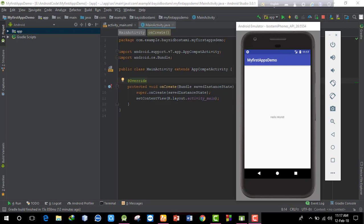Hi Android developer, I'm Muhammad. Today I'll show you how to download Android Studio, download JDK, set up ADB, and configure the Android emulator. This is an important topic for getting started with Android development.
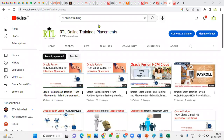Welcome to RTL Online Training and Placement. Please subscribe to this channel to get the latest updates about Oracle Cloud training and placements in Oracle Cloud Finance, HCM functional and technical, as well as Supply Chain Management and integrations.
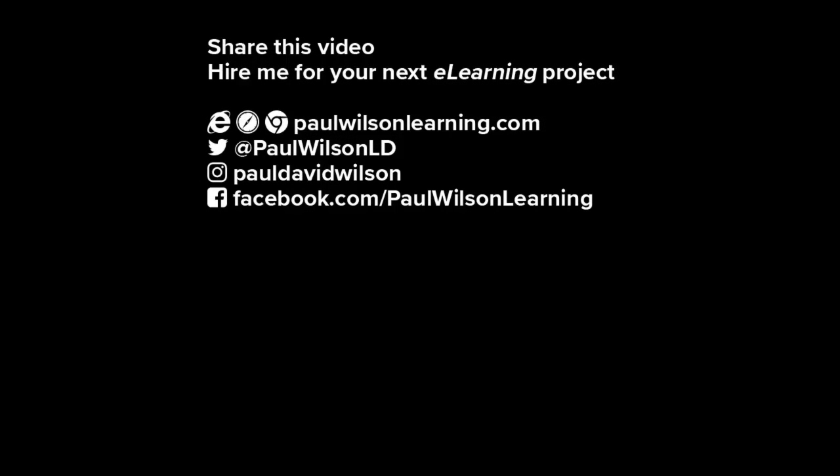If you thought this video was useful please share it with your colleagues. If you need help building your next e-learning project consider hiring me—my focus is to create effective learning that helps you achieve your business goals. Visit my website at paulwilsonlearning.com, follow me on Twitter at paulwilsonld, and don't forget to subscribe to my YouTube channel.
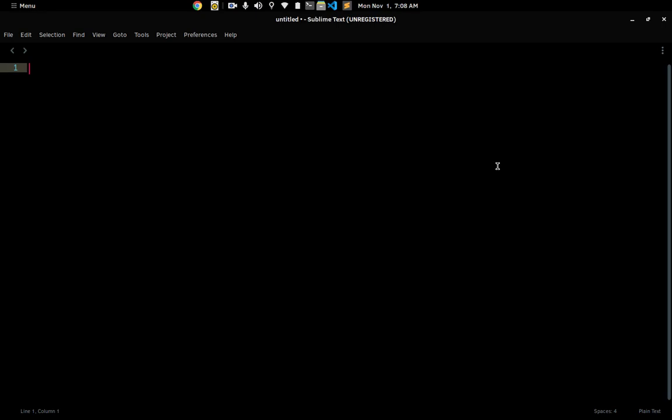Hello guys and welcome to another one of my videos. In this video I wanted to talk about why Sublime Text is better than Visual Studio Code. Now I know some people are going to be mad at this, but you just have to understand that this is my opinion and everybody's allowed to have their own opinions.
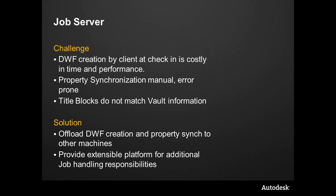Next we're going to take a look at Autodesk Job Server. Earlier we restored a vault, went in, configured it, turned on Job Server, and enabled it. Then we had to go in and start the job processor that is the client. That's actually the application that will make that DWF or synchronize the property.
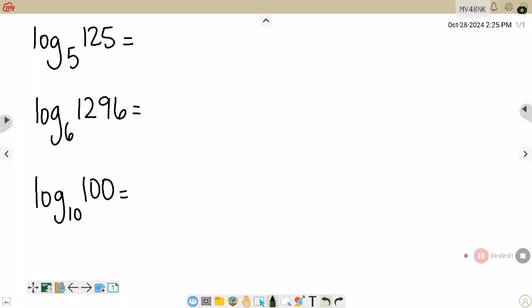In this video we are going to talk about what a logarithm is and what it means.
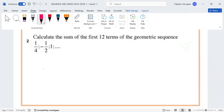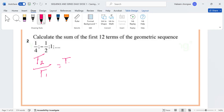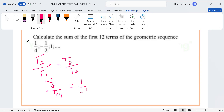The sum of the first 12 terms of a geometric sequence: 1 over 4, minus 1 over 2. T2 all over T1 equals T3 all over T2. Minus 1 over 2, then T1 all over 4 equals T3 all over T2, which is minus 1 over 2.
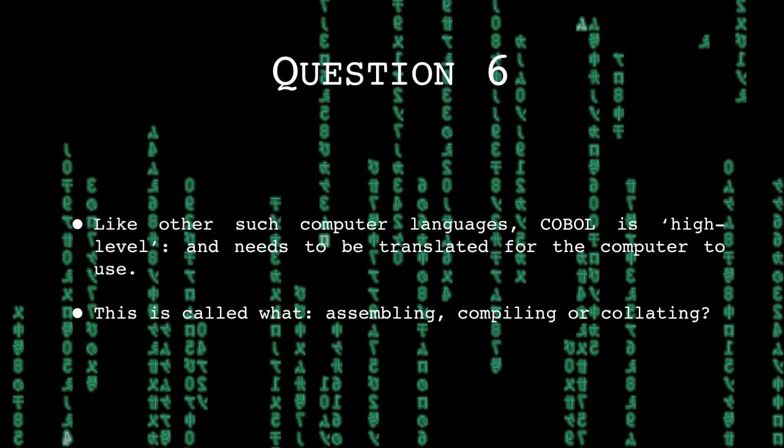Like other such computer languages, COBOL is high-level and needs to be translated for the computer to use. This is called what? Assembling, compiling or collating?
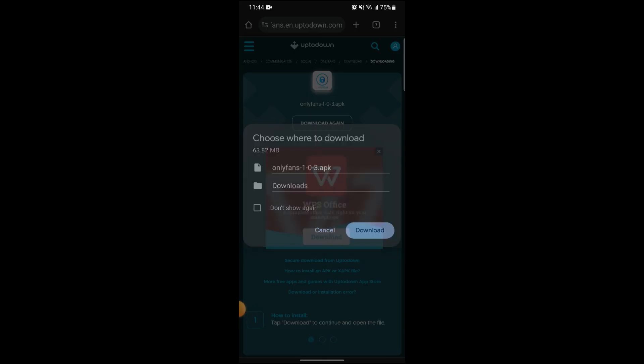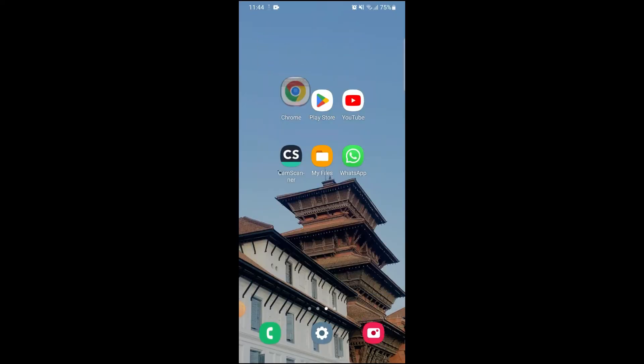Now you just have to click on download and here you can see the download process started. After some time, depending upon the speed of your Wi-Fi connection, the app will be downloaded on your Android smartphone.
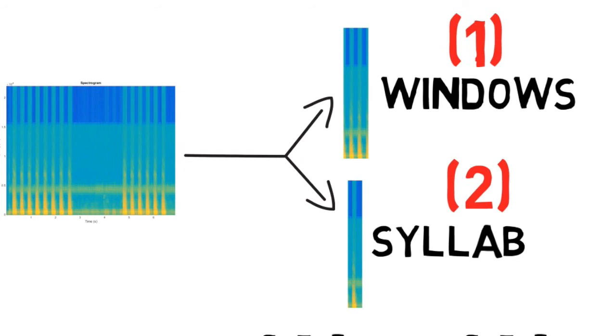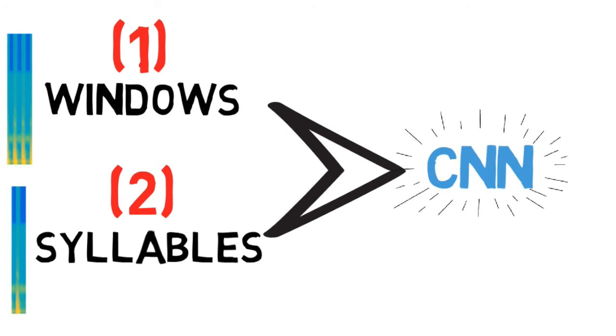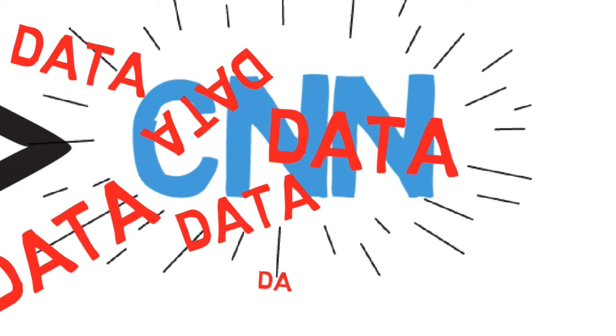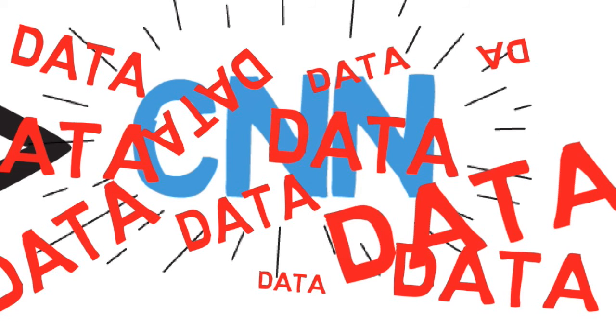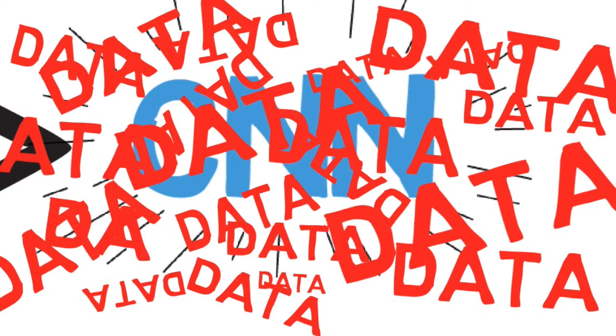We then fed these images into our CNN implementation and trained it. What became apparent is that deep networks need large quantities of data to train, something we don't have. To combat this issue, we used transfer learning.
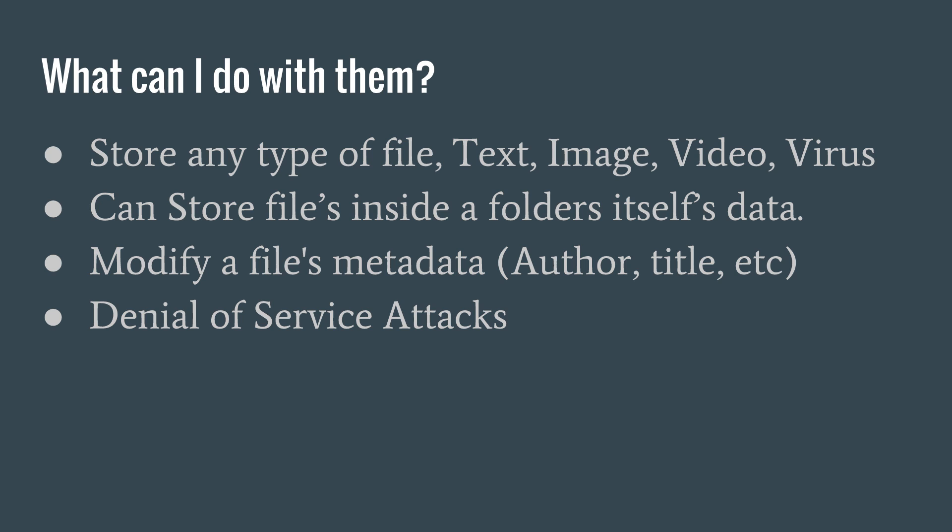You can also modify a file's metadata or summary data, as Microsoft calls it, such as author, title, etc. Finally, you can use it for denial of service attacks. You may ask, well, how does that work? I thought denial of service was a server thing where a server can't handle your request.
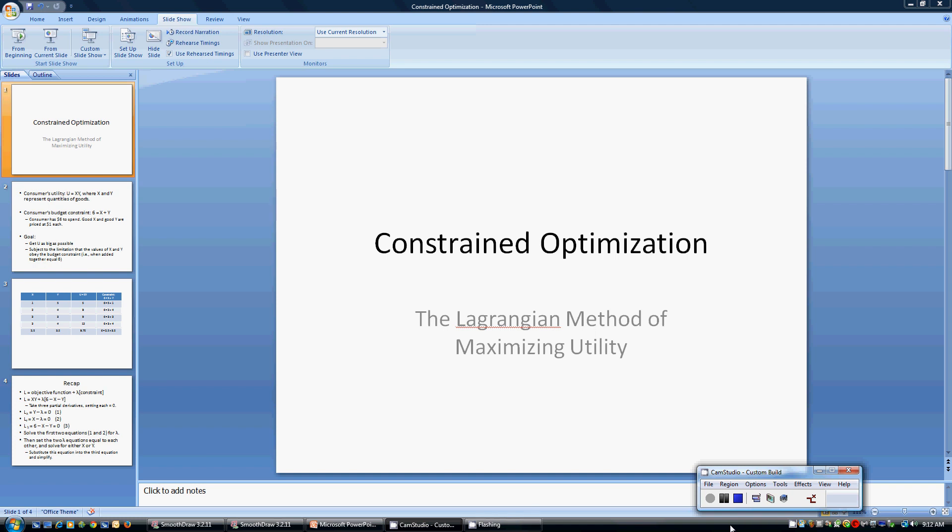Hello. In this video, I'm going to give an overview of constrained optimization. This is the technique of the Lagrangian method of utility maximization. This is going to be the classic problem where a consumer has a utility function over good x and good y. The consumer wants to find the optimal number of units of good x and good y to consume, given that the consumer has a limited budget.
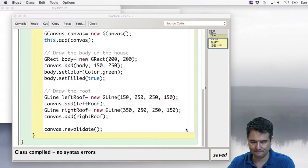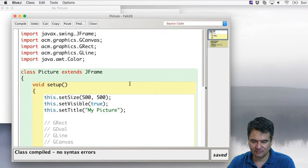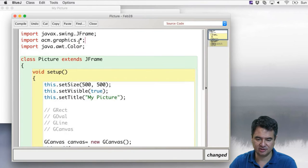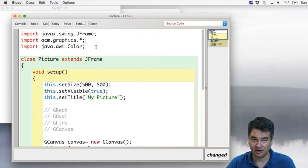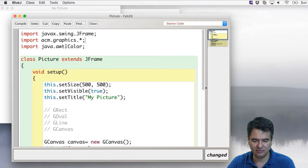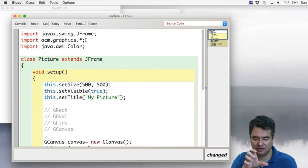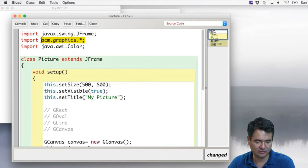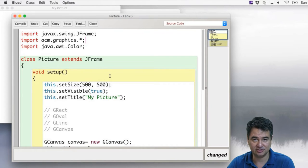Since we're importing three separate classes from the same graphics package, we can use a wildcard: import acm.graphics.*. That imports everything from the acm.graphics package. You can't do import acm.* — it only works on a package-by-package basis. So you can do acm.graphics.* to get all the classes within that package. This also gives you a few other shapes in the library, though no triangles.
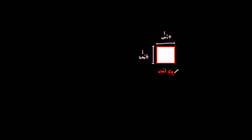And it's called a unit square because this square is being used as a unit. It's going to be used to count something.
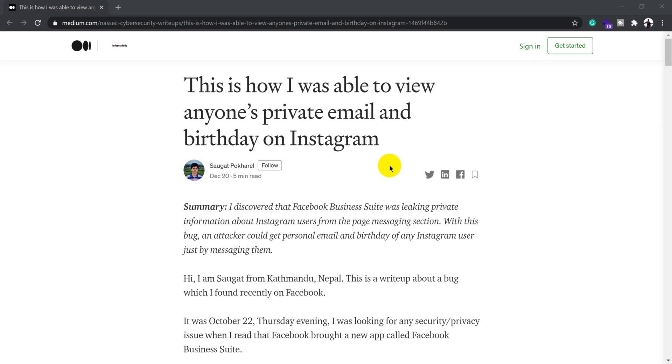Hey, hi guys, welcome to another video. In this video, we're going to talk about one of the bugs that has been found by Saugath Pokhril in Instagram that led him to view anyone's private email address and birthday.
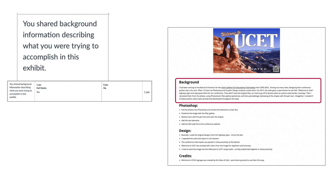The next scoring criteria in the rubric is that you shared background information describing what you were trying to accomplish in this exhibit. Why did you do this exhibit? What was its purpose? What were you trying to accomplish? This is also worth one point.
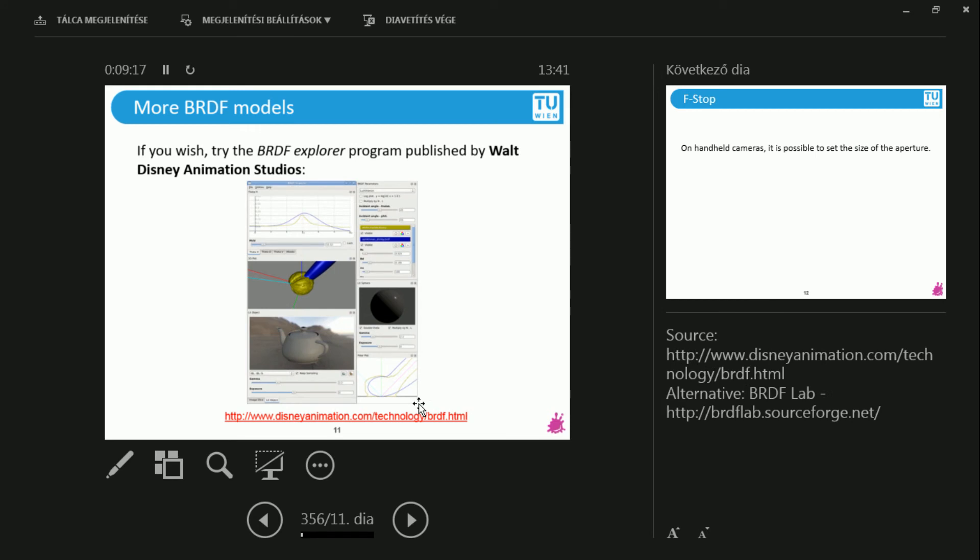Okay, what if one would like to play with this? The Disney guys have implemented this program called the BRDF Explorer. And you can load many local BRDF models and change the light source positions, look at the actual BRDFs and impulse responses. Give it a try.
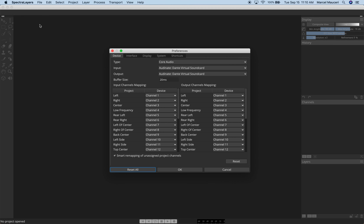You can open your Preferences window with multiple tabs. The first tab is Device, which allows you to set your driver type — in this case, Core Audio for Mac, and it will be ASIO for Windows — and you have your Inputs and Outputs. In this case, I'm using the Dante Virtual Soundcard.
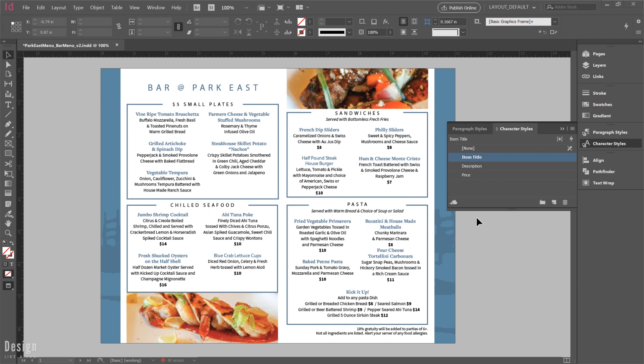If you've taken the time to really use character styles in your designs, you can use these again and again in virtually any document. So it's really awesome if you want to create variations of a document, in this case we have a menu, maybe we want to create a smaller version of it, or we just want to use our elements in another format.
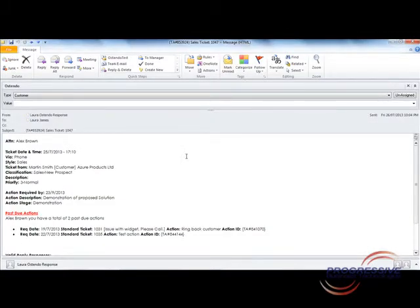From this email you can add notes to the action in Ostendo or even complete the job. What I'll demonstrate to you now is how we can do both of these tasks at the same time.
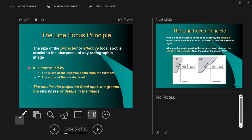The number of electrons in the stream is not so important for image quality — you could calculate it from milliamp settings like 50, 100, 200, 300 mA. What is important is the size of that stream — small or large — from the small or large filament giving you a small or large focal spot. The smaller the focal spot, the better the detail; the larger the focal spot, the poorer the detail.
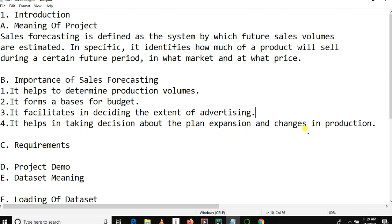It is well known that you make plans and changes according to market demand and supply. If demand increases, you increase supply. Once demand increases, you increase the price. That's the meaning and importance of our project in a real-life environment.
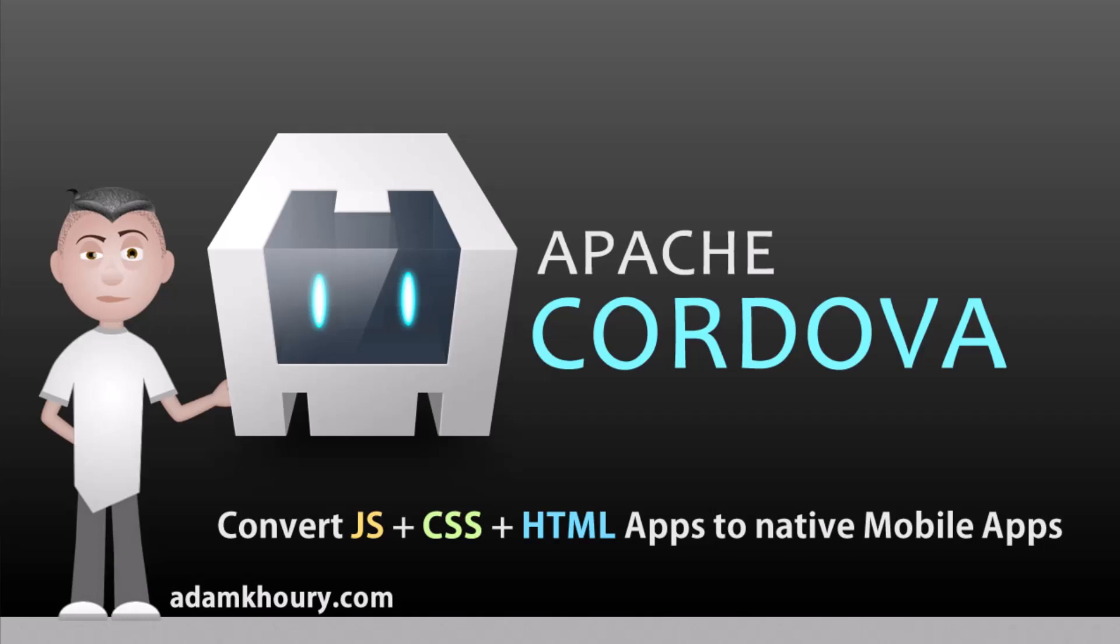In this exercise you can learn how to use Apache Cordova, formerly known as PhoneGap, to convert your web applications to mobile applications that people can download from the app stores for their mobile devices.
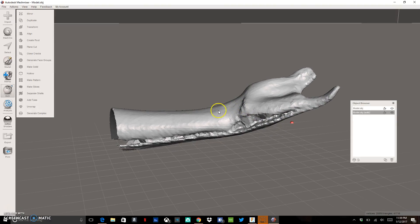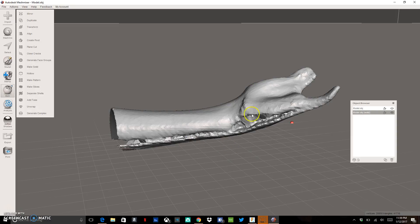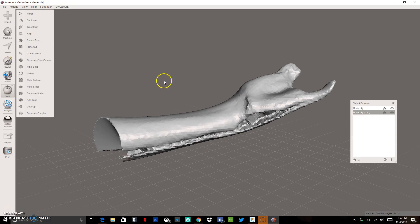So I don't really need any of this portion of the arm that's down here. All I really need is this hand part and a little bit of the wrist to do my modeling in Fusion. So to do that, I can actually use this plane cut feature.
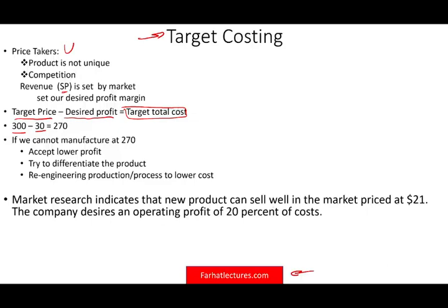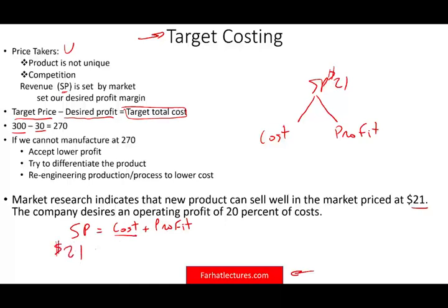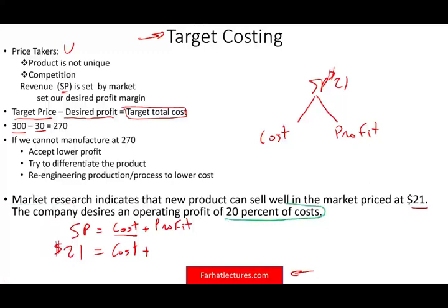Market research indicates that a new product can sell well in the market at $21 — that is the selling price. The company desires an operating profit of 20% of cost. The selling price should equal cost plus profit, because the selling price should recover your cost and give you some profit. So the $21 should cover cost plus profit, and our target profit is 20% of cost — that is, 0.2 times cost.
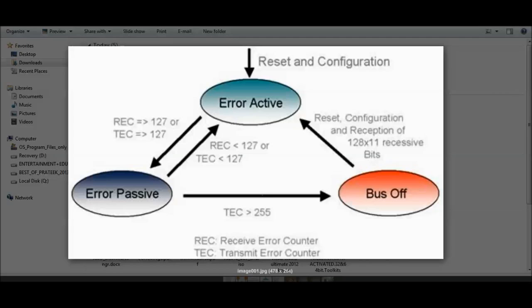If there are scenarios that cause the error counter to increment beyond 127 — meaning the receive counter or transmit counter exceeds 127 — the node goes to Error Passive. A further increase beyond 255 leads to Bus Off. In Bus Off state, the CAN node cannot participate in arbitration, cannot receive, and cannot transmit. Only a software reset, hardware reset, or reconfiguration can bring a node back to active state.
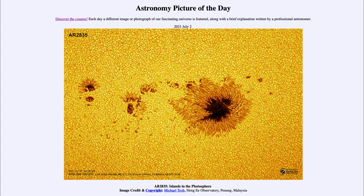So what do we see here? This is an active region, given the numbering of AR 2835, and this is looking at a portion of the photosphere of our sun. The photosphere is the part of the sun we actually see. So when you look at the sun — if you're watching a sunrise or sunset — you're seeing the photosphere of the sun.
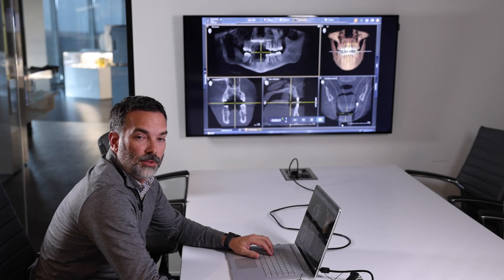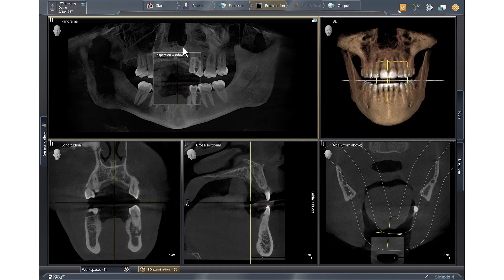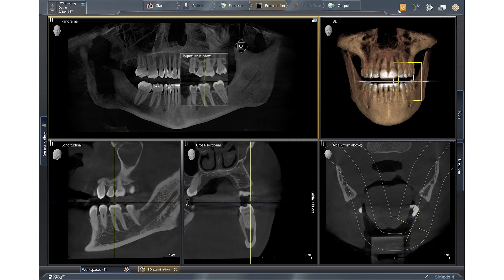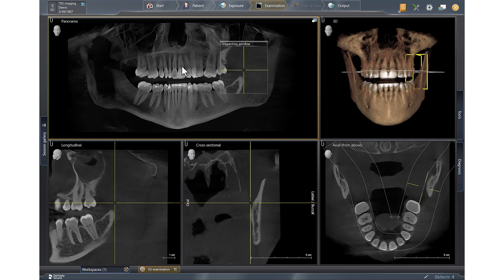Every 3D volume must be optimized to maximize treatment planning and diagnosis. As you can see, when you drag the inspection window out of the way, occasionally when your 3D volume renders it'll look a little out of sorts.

=-=-=

**What is expected:** Look above for the line containing "Hello guys and" and the line containing "You can also", then reproduce both and everything between them exactly, pictures omitted.

**Output for this exercise:**
Hello guys and welcome to another one of my videos. In this video I wanted to talk about why Sublime Text is better than Visual Studio Code. Now I know some people are going to be mad at this, but you just have to understand that this is my opinion and everybody's allowed to have their own opinions.
Next we're going to take a look at Autodesk Job Server. Earlier we restored a vault, went in, configured it, turned on Job Server, and enabled it. Then we had to go in and start the job processor that is the client. That's actually the application that will make that DWF or synchronize the property.
In this video we are going to talk about what a logarithm is and what it means.
The sum of the first 12 terms of a geometric sequence: 1 over 4, minus 1 over 2. T2 all over T1 equals T3 all over T2. Minus 1 over 2, then T1 all over 4 equals T3 all over T2, which is minus 1 over 2.
Like other such computer languages, COBOL is high-level and needs to be translated for the computer to use. This is called what? Assembling, compiling or collating?
Now you just have to click on download and here you can see the download process started. After some time, depending upon the speed of your Wi-Fi connection, the app will be downloaded on your Android smartphone.
We then fed these images into our CNN implementation and trained it. What became apparent is that deep networks need large quantities of data to train, something we don't have. To combat this issue, we used transfer learning.
You can also modify a file's metadata or summary data, as Microsoft calls it, such as author, title, etc. Finally, you can use it for denial of service attacks. You may ask, well, how does that work? I thought denial of service was a server thing where a server can't handle your request.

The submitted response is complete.